The project builds on the institute’s SA Climate Ready project, whose climate change projections underpin water planning across South Australia.

The CRAFT framework, in the form of a short document, helps users to modify a system’s design or operation to improve its resilience to change, identify the ‘triggers’ that limit its resilience in the face of further climate variation and identify when it’s the right time to implement adaptation to the system. It differs from most climate change planning tools as it starts with understanding the system first — how it functions and responds to different stressors — before any climate models are considered. This makes it easier to identify the best course of action for each system under different climate scenarios.

The team also developed the companion software foreSIGHT for system stress testing, which includes innovative ways to generate hypothetical climate scenarios and assess the magnitude of changes on given measures of a system’s performance. foreSIGHT was developed using the open source R software and is freely available.

To demonstrate how CRAFT can be used to assess climate change impacts on water resources systems, the team selected a managed aquifer recharge (MAR) scheme at Parafield in Salisbury as a case study. They found that multiple climate variables — including changes to total annual rainfall, potential evapotranspiration, intermittency and seasonality — contributed to a decrease in system performance and they tested hypothetical infrastructure scenarios (eg, increasing the number of injection wells, augmenting holding storage) to see if they improved the system’s overall resilience.

Increasing detention time, increasing surface storage capacity and changing the number of injection wells led to a moderate improvement in performance but it is unlikely that a single augmentation option would address this system’s reduced performance. They found that a combination of system augmentations, potentially in conjunction with demand management, and alternate water sources should be considered for the scheme to maintain a suitably reliable water supply.

A training workshop was held on 21 November 2017 at the University of Adelaide to train potential end users in the application of the Climate Resilience Analysis Framework and in using the associated software tools.
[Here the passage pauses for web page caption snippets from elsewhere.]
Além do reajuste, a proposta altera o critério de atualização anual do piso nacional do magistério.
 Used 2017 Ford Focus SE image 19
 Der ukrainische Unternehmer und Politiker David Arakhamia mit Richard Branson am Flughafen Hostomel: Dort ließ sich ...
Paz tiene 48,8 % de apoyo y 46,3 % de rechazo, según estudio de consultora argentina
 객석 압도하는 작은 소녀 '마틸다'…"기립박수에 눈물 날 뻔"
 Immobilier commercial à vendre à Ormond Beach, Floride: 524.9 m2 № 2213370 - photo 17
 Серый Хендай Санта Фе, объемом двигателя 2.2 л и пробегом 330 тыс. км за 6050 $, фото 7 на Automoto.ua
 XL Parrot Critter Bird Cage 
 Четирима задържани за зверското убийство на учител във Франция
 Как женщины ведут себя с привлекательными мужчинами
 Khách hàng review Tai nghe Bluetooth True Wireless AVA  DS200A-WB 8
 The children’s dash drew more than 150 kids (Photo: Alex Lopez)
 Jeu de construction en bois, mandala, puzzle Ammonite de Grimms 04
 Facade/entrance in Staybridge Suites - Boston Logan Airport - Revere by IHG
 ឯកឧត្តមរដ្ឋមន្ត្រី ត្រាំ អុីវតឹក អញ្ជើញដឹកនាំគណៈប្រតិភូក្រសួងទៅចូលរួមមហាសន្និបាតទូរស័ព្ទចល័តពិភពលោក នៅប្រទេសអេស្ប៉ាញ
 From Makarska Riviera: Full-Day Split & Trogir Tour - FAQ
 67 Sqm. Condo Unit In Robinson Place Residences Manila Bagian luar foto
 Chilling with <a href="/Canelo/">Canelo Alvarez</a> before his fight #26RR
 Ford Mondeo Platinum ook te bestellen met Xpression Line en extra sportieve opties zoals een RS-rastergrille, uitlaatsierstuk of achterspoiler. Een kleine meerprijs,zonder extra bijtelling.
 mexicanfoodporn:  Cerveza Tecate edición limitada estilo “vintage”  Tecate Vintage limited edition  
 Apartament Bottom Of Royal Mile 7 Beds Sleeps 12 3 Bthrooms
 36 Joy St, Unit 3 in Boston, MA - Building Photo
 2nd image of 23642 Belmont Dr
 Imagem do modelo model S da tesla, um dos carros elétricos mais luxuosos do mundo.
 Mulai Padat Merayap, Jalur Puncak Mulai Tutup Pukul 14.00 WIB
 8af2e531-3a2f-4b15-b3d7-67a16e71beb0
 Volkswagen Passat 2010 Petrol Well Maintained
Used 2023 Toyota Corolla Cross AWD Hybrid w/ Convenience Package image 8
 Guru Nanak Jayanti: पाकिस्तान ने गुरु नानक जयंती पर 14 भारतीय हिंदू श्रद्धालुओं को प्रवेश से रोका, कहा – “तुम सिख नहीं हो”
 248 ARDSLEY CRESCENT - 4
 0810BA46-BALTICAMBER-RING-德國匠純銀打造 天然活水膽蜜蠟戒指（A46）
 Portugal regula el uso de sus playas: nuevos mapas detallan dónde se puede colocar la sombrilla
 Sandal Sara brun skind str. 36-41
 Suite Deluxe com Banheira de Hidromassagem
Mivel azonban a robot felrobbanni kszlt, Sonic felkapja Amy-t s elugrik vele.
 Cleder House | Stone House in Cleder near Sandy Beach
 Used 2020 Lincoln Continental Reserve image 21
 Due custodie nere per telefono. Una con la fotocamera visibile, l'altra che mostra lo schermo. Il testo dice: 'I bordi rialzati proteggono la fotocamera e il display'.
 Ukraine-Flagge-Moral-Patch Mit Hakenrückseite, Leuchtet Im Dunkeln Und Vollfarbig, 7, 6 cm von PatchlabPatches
It was attended by 17 participants from CSIRO, DEWNR, SA Water, Bureau of Meteorology, PIRSA-SARDI, Water Research Australia, Salisbury Water and Inside Infrastructure.

The foreSIGHT software will meanwhile be used by another current Goyder Institute research project (Sustainable Expansion of Irrigated Agriculture and Horticulture in Northern Adelaide Plains) to generate inputs for system ‘stress testing’. It is anticipated that the framework will also be adopted for use in climate adaptation planning by science and engineering groups within state government, water utilities, local government and consulting companies.